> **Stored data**

>>

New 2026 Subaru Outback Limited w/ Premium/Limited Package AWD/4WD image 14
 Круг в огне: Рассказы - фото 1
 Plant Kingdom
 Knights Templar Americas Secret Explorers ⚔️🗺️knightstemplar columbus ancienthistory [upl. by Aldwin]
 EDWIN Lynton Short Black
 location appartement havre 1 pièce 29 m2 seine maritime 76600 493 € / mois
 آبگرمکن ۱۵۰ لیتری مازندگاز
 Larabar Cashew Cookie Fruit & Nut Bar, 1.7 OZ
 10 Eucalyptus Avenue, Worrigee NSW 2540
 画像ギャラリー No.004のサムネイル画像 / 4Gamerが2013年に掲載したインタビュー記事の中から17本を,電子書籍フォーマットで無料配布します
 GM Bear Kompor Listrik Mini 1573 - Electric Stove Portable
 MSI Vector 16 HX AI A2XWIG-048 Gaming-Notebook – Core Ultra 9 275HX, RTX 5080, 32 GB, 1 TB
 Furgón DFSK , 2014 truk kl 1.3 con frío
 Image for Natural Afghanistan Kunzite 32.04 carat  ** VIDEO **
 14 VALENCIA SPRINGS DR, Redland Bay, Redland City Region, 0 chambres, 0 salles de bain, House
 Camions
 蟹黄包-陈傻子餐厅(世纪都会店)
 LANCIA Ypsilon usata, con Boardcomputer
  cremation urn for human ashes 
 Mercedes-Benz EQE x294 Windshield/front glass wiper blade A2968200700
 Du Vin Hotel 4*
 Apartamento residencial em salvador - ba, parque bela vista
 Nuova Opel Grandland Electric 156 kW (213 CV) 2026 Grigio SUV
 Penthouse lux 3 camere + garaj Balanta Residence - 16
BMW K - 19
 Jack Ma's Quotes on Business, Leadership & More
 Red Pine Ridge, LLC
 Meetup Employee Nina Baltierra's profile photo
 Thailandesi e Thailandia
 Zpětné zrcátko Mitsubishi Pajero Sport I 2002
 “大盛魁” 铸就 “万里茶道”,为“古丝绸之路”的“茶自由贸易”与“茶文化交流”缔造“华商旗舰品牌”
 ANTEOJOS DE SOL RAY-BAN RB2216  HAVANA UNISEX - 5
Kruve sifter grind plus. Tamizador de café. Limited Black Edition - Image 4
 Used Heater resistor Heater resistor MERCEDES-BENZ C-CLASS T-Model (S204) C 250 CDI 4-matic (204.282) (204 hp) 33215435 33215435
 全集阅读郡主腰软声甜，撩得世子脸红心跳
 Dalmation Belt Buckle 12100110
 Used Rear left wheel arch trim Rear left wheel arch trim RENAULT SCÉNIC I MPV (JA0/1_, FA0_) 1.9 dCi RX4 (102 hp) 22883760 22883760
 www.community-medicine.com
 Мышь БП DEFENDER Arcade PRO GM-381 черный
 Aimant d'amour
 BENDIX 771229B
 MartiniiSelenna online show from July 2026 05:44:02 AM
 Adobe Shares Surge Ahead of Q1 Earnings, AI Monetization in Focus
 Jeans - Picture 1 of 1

<<

> **Required action**
Your response should hold only an exact copy of the lines above, from the one containing "Jack Ma's Quotes" through the end of the entries.

> **Worked solution**
 Jack Ma's Quotes on Business, Leadership & More
 Red Pine Ridge, LLC
 Meetup Employee Nina Baltierra's profile photo
 Thailandesi e Thailandia
 Zpětné zrcátko Mitsubishi Pajero Sport I 2002
 “大盛魁” 铸就 “万里茶道”,为“古丝绸之路”的“茶自由贸易”与“茶文化交流”缔造“华商旗舰品牌”
 ANTEOJOS DE SOL RAY-BAN RB2216  HAVANA UNISEX - 5
Kruve sifter grind plus. Tamizador de café. Limited Black Edition - Image 4
 Used Heater resistor Heater resistor MERCEDES-BENZ C-CLASS T-Model (S204) C 250 CDI 4-matic (204.282) (204 hp) 33215435 33215435
 全集阅读郡主腰软声甜，撩得世子脸红心跳
 Dalmation Belt Buckle 12100110
 Used Rear left wheel arch trim Rear left wheel arch trim RENAULT SCÉNIC I MPV (JA0/1_, FA0_) 1.9 dCi RX4 (102 hp) 22883760 22883760
 www.community-medicine.com
 Мышь БП DEFENDER Arcade PRO GM-381 черный
 Aimant d'amour
 BENDIX 771229B
 MartiniiSelenna online show from July 2026 05:44:02 AM
 Adobe Shares Surge Ahead of Q1 Earnings, AI Monetization in Focus
 Jeans - Picture 1 of 1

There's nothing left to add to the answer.